A recent paper summarizes soil carbon and nitrogen dynamics from four independent but similar ongoing studies in the southeast United States in which switchgrass (Panicum virgatum L.) was grown in monoculture or alley cropping systems. The authors also compare results from the four studies with those for conventionally managed loblolly pine or agricultural systems.

Switchgrass is a native, perennial C4 grass that has been identified by the U.S. Department of Energy as a model dedicated energy crop species.

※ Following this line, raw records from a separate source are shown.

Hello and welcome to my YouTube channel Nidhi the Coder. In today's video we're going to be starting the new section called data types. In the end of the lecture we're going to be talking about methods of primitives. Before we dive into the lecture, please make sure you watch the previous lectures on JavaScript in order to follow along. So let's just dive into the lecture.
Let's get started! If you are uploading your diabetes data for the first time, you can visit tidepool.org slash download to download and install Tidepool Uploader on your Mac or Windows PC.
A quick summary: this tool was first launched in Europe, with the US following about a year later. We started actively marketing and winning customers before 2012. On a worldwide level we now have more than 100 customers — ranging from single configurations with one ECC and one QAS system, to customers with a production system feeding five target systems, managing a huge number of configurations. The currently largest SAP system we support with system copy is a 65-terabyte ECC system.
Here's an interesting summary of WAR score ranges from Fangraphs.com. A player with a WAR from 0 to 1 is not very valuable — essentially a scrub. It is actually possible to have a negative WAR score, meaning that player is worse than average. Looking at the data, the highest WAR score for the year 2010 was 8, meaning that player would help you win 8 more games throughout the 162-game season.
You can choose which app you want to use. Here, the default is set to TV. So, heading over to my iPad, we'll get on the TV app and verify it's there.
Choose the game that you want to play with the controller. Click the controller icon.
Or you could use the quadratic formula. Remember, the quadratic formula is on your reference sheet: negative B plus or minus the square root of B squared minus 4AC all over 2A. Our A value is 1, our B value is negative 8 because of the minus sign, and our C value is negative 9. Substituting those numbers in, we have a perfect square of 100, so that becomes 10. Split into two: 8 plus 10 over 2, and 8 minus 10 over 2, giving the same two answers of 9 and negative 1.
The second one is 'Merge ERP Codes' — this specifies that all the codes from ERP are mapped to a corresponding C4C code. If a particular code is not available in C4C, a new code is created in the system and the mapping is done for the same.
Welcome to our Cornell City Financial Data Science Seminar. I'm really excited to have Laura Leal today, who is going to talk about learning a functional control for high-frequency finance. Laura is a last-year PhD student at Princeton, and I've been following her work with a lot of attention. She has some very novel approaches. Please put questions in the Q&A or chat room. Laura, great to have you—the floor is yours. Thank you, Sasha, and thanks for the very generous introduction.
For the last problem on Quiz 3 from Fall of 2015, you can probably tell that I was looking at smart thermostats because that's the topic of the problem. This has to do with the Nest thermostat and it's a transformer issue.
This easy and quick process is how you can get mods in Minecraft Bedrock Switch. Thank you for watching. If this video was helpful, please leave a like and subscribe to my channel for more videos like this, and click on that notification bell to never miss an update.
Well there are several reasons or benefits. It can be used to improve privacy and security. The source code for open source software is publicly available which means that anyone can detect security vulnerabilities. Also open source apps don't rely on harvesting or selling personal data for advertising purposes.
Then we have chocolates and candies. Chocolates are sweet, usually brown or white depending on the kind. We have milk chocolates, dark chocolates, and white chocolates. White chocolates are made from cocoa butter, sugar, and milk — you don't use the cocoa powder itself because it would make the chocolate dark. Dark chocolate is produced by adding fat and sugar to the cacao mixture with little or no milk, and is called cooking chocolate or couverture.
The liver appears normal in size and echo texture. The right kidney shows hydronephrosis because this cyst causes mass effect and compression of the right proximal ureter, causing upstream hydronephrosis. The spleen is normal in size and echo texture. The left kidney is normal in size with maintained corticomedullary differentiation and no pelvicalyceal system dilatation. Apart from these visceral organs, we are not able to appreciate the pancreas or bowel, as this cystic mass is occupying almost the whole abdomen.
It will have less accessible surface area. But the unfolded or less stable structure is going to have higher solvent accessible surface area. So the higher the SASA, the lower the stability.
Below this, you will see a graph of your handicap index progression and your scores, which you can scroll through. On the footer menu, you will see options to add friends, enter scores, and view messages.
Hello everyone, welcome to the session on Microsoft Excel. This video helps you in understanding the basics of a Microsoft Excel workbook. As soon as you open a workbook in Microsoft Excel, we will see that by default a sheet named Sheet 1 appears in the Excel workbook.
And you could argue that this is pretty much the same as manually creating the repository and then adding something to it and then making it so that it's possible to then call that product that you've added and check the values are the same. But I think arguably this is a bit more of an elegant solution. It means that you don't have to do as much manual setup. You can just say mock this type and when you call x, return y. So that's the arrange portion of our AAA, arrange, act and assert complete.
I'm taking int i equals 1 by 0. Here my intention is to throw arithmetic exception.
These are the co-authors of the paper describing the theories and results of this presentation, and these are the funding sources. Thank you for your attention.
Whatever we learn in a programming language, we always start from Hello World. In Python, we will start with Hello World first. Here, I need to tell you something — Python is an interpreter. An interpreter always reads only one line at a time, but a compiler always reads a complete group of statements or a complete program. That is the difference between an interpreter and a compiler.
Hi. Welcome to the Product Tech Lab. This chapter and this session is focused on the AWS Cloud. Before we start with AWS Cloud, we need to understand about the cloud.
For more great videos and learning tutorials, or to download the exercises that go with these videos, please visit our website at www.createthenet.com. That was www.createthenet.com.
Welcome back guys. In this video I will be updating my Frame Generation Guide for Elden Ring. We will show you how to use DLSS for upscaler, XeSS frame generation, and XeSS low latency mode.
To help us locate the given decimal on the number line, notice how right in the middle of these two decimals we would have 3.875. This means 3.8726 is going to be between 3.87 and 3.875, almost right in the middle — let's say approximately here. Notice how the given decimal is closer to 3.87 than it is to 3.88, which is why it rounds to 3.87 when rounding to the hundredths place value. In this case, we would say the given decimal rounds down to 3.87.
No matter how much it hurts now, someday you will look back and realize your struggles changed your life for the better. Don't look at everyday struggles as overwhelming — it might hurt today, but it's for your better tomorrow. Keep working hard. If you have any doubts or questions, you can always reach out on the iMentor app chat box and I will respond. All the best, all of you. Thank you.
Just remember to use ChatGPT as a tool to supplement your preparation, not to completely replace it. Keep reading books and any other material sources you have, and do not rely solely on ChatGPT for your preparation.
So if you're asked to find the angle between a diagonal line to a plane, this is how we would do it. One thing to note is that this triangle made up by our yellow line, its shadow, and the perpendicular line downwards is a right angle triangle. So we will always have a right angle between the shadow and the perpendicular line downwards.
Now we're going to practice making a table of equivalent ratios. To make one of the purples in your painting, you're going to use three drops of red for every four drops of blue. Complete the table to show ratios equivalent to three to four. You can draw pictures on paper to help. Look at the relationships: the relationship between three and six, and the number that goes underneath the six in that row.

The paper, which appears in Forest Ecology and Management, was authored by Michael A. Blazier, Louisiana State University Agricultural Center; Terry R. Clason, USDA Natural Resource Conservation Service, Hal O. Liechty, University of Arkansas Monticello, Zakiya H. Leggett, Weyerhaeuser NR Company, Eric B. Sucre, Weyerhaeuser NR Company. Scott D. Roberts and Kurt Krapfl, Mississippi State University, and Eric D. Vance, NCASI.

The authors conclude that “over the range of site conditions and management practices observed in this research, soil parameters in alley cropping systems of loblolly pine and switchgrass were similar to those observed in switchgrass monoculture or conventional conditions found in juvenile loblolly pine plantations.”

The abstract for the paper follows.

“Switchgrass has favorable characteristics as a biofuel feedstock, and it may be feasibly grown on sites currently forested or retired from agricultural production. It is ecologically important to understand the impacts of establishing and managing switchgrass on site nutrient cycling. Four studies conducted in the southeast United States tested switchgrass as a bioenergy crop grown in monoculture, in alley cropping systems, and as an alternative to conventional agricultural rotations. Each trial included comparisons of switchgrass with the prevailing land uses. In each trial, nitrogen mineralization (Nmin), nitrification (Nnit), microbial biomass carbon (Cmic), microbial activity, and labile carbon were measured because of their sensitivity to management practices that alter soil nutrient cycling. In all studies of loblolly pine and switchgrass, switchgrass was apparently the dominant substrate source for Cmic, and Nmin increased when juvenile loblolly pine was isolated with herbicide as the sole vegetation. However, Cmic and Nmin of loblolly pine-switchgrass alley cropping systems were similar to those observed in conventional juvenile loblolly pine plantation conditions. In a trial of converting former agricultural fields into switchgrass or cottonwood biofuel plantations, this conversion reduced Nnit, and therefore the potential for nitrogen losses compared with those for a soybean-sorghum rotation typical for such sites.”



Blazier, M.A., T.R. Clason, H.O. Liechty, Z.H. Leggett, E.B. Sucre, S.D. Roberts, K. Krapfl, and E.D. Vance. 2015. Nitrogen and carbon of switchgrass, loblolly pine, and cottonwood biofuel production systems in the southeast United States. Forest Science 61(3):522–534.